Records for this task START

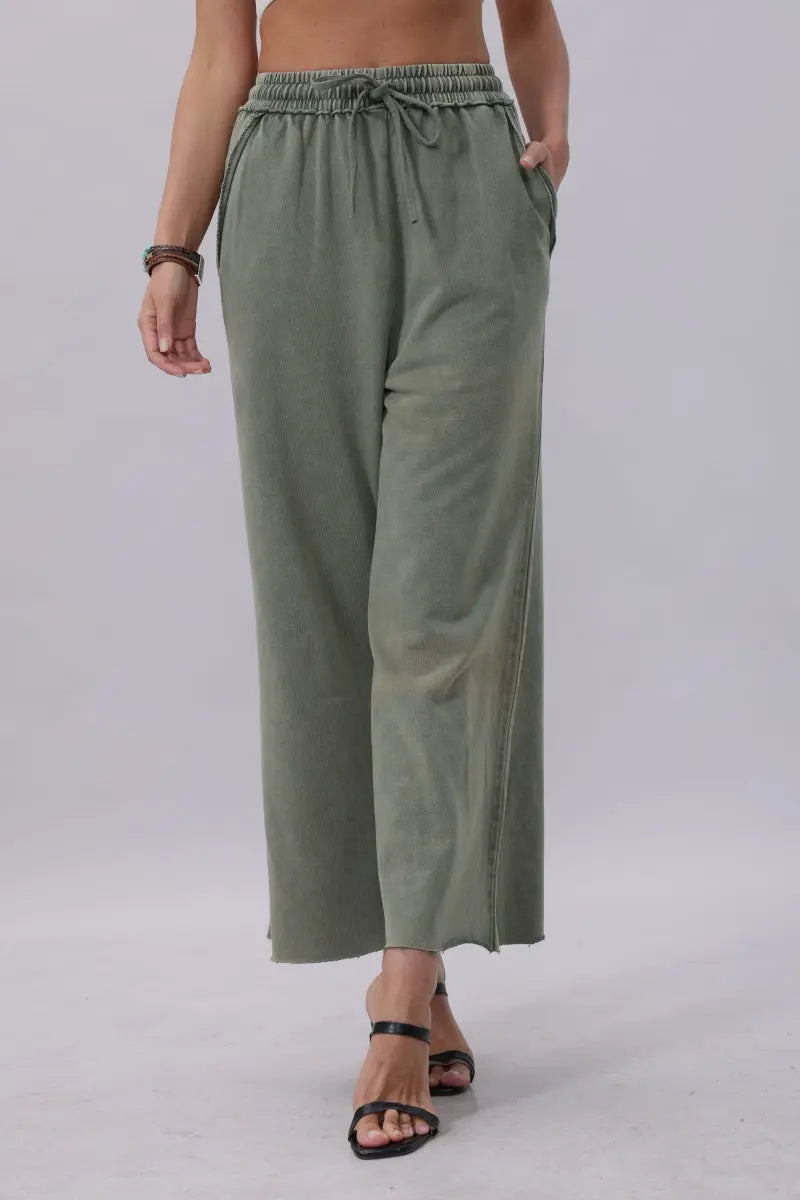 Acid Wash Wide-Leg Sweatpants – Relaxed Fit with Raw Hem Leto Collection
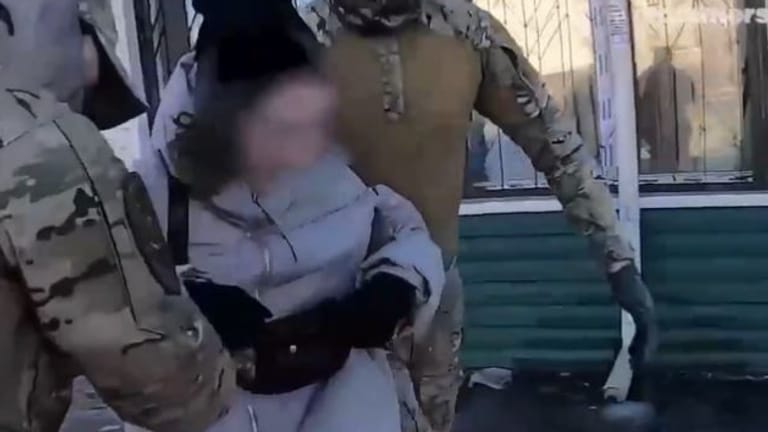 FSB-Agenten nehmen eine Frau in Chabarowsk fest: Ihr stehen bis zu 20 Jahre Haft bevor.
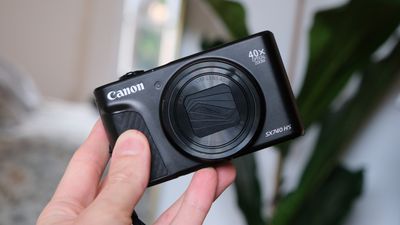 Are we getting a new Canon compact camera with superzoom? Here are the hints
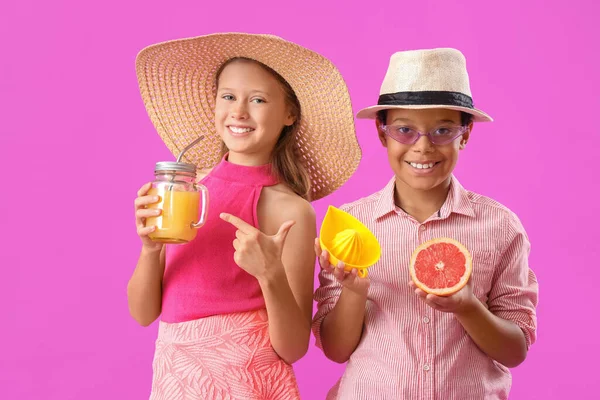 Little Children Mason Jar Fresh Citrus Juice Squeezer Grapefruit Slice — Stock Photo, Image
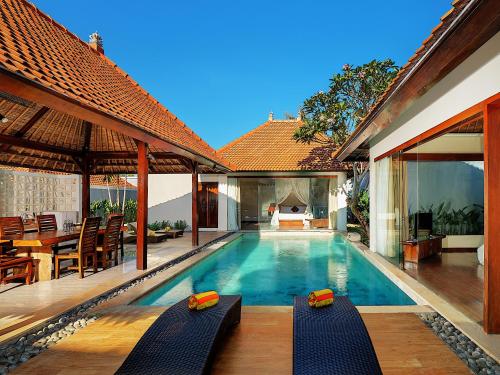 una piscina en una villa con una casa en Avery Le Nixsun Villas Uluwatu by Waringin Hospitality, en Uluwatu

Records for this task END
Records for this task START

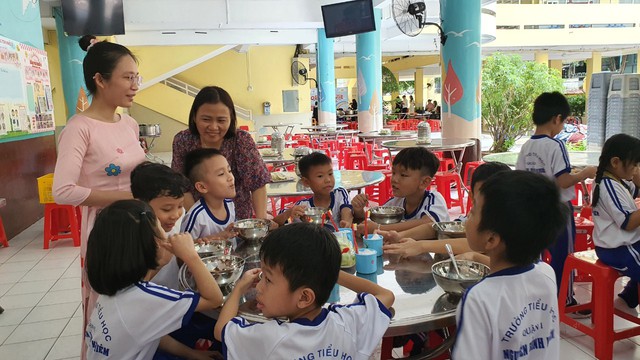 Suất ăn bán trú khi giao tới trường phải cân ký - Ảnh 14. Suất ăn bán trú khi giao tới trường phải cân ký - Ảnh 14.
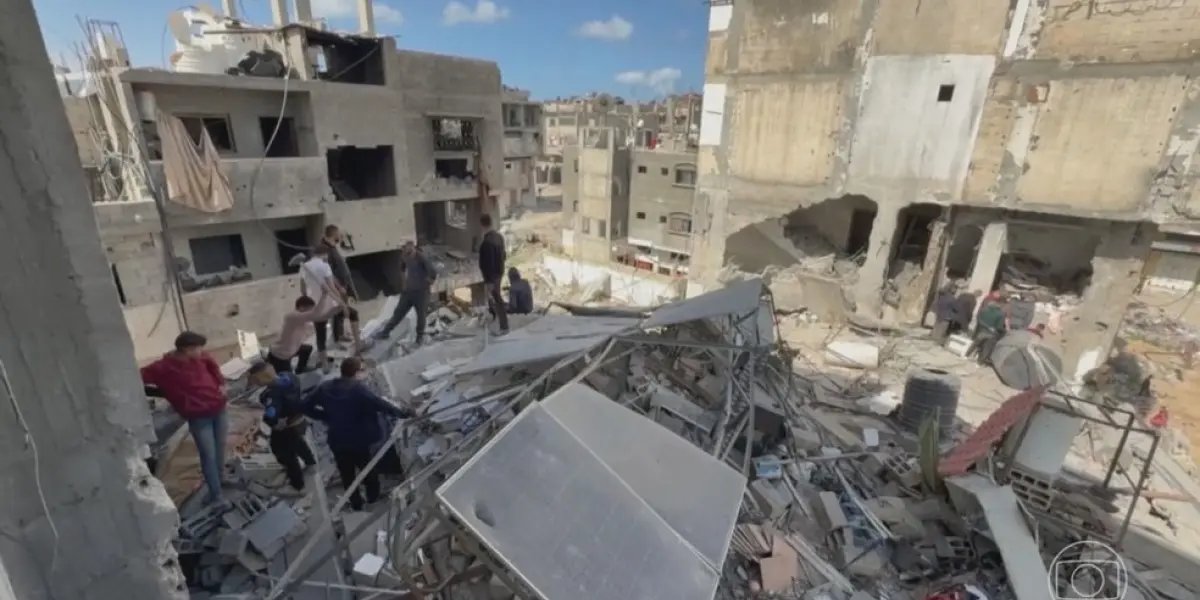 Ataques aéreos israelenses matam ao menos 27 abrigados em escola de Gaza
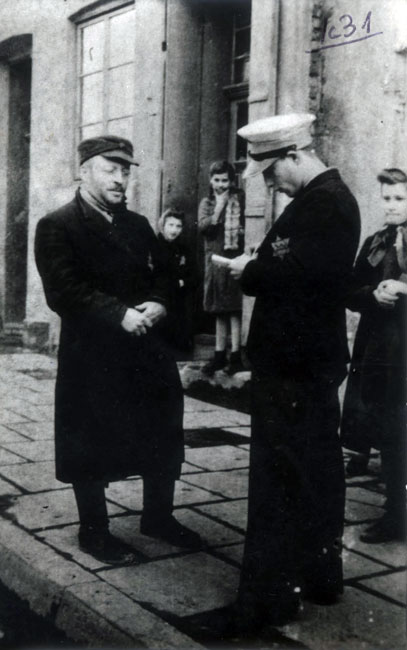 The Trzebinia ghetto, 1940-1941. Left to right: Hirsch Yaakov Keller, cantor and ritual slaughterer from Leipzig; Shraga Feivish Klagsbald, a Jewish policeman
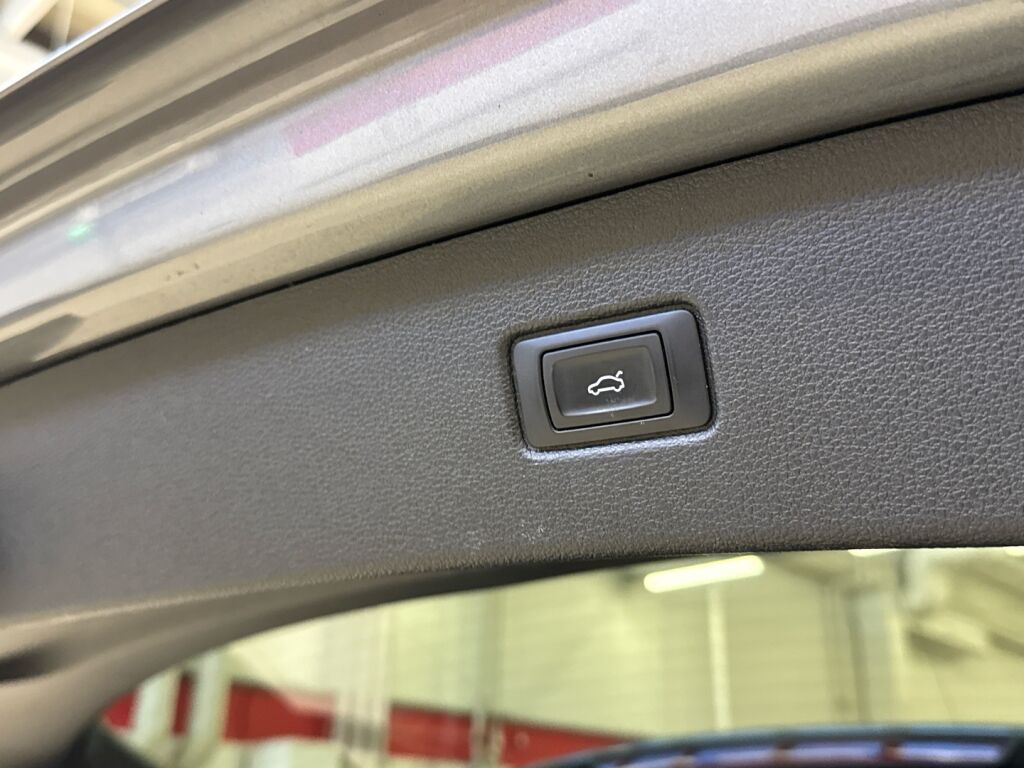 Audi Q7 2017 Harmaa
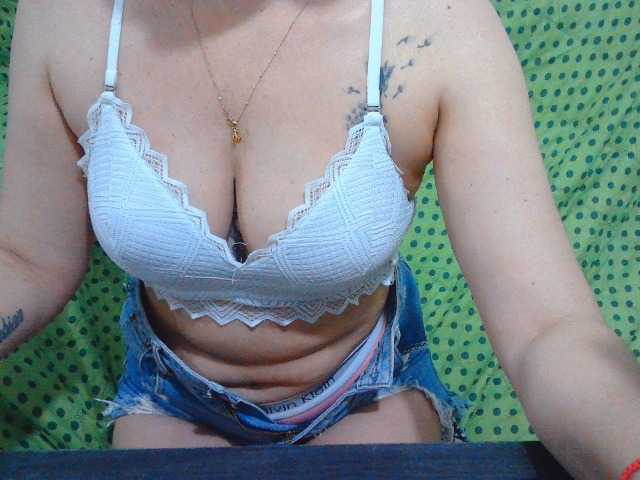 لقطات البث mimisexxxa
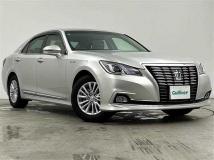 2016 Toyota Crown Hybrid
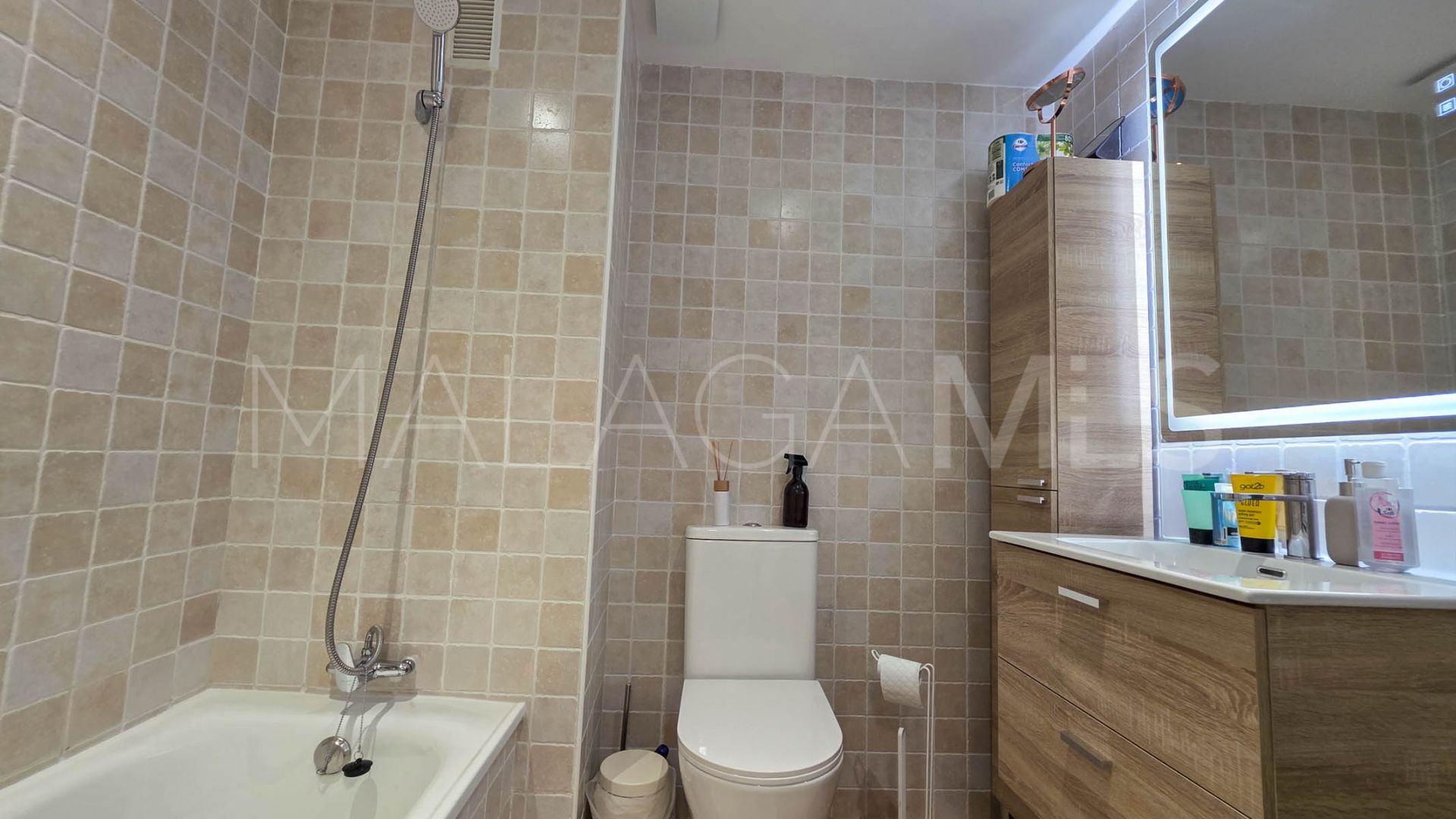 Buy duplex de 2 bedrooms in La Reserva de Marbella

Records for this task END
Records for this task START

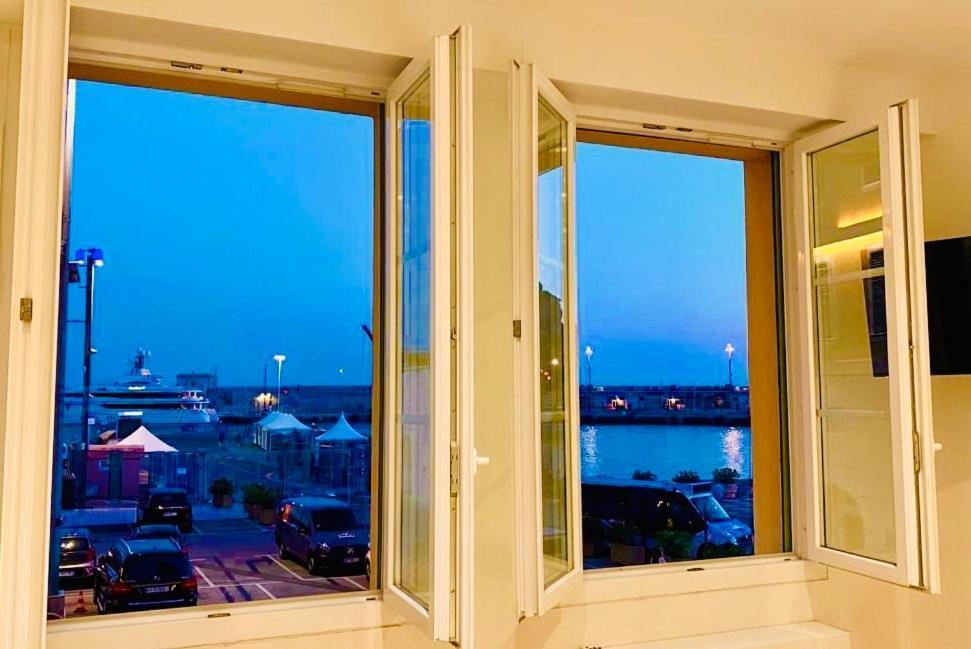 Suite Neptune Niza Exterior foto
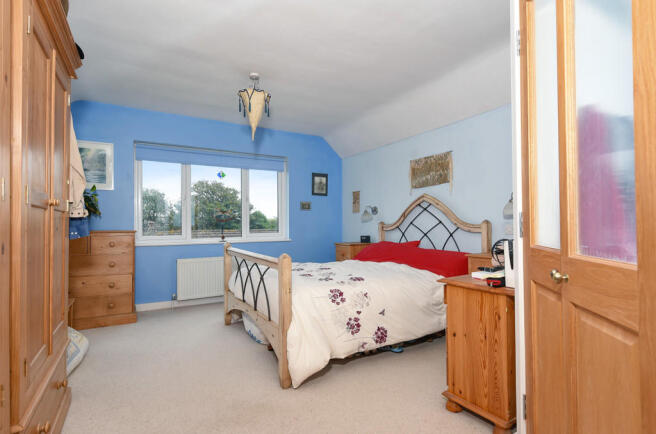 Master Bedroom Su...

Records for this task END

• _Prompt_
Within the listing above, extract exactly the lines that run from the one containing "Are we getting" through the one containing "Little Children Mason", excluding any pictures.

• _Answer to this task_
 Are we getting a new Canon compact camera with superzoom? Here are the hints
 Little Children Mason Jar Fresh Citrus Juice Squeezer Grapefruit Slice — Stock Photo, Image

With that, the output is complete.